How to convert image data to structured data

alsaqer002alsaqer002 Member Posts: 5 Contributor II
edited November 2018 in Help
Hello all,

I am working on a project on image and text mining and I want to know how to convert the image data to structured data.
I already download the image process extension and I found some useful information in this website


The power of machine learning for image mining and analytics

http://www.simafore.com/blog/the-power-of-machine-learning-for-image-mining-and-analytics?success=true


and


New case study: Image mining and unstructured data science

http://www.simafore.com/blog/new-case-study-image-mining-and-unstructured-data-science?success=true


Please can anyone help me to figure out what is inside the loop file operator. I need to know how did they convert the image data to structured data. I have spent more than 4  months working on my final project but I couldn't finish it because I'm stuck on that point.

Thanks for any help,

Answers

  • sgenzersgenzer Administrator, Moderator, Employee, RapidMiner Certified Analyst, Community Manager, Member, University Professor, PM Moderator Posts: 2,959 Community Manager
    hi...I have not used that image processing extension in a while and I don't think it's compatible with RM 7+ (it no longer appears in the marketplace).  However I would strongly recommend trying IBM Watson Bluemix APIs from within RapidMiner using the "Enrich Data by Webservice" operator to do your GET/POST requests.  There is a "Visual Recognition" API in Watson that is probably very good.  I will warn you that the Watson documentation, however, is not!  I have "Tone Analyzer" and "Language Translation" working in my RM and it is really quite amazing.

    Good luck.

    Scott
  • JEdwardJEdward RapidMiner Certified Analyst, RapidMiner Certified Expert, Member Posts: 578 Unicorn
    @sgenzer it is compatible with RM 7. 
    If you want to play with it you can get it here: http://www.burgsys.com/

    I'll try out the Watson API, for much of my work sending data to cloud services isn't something that can be done, but perhaps it solves the original poster's problem.
  • alsaqer002alsaqer002 Member Posts: 5 Contributor II

    Thank you  @sgenzer and @JEdward

    Yes, Image Processing extension is no longer appears in the marketplace, but it is compatible with RM 7.

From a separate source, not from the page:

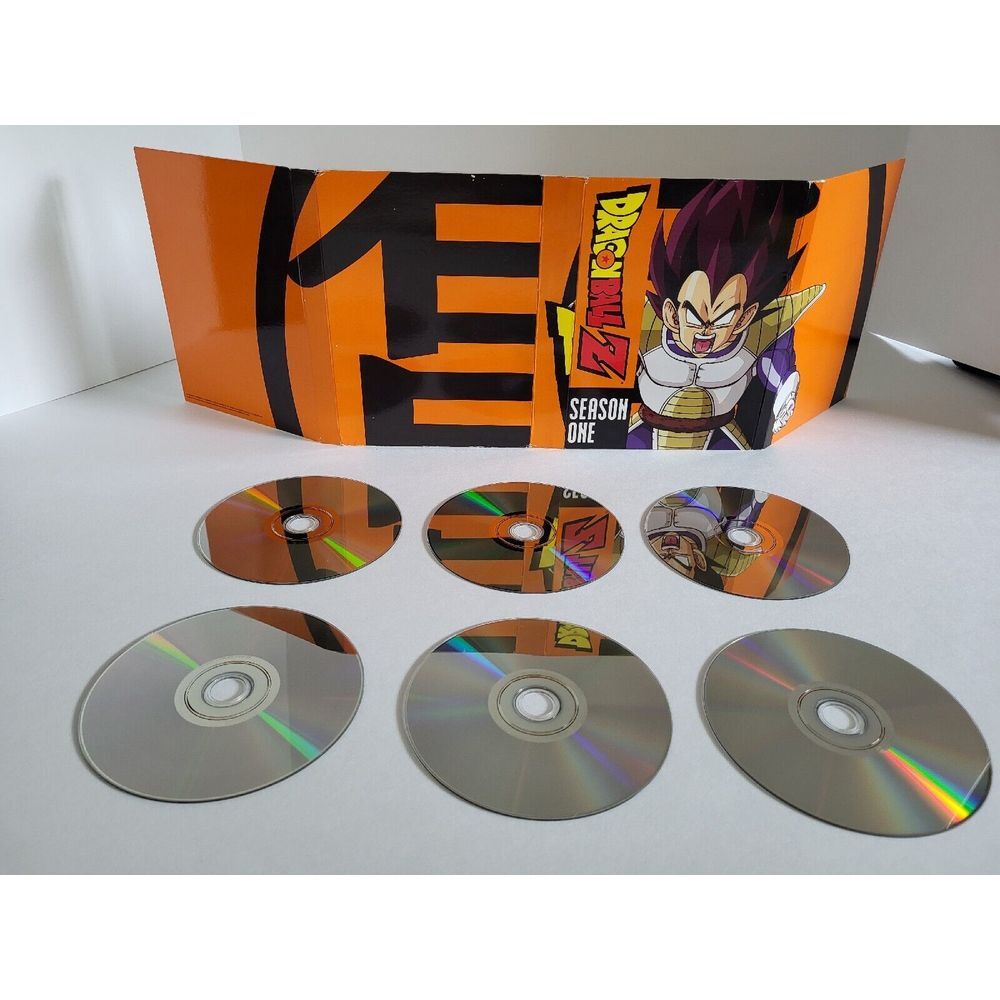 Dragon Ball Z - Season 1 (DVD, 6-Disc Set) VEGETA‎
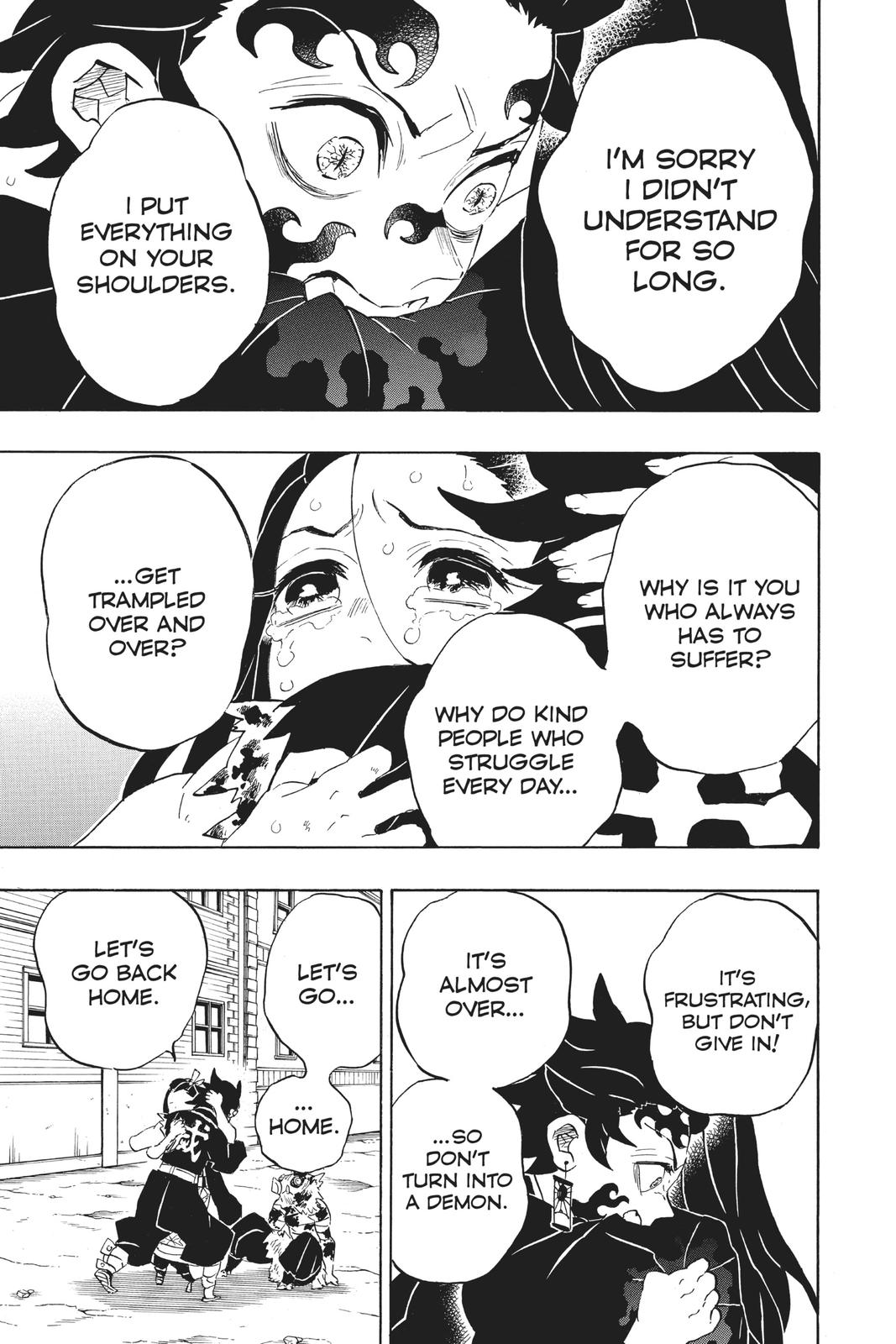 Demon Slayer: Kimetsu no Yaiba Chapter 202 - Page 3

    Thanks a lot @sgenzer for your suggestions. I am interesting to try them, but I think they work very well with data at web, while I need to work with images from my computer.

    Thanks @JEdward for this useful website.
    Actually, I found the B-Designer extension, which includes all features that I need. But I couldn't get it until they send it to me. So, I contacted them and I am still waiting for their response.

    I am still looking for how can I do OCR on images to get the text.

    Thank you again,
  • sgenzersgenzer Administrator, Moderator, Employee, RapidMiner Certified Analyst, Community Manager, Member, University Professor, PM Moderator Posts: 2,959 Community Manager
    I have not had much need for OCR but again I would suggest using the RapidMiner "Enrich Data by Webservice" operator (under the Web Mining extension) to call an external API.  There are very good sources out there - a quick search found that Google has a free OCR API: https://cloud.google.com/vision/

    Here is an example of a Enrich Data by Webservice operator that connects with the Google Maps API.  I have deleted my API key which you would need to replace with your own to see this working.  But you should get the idea.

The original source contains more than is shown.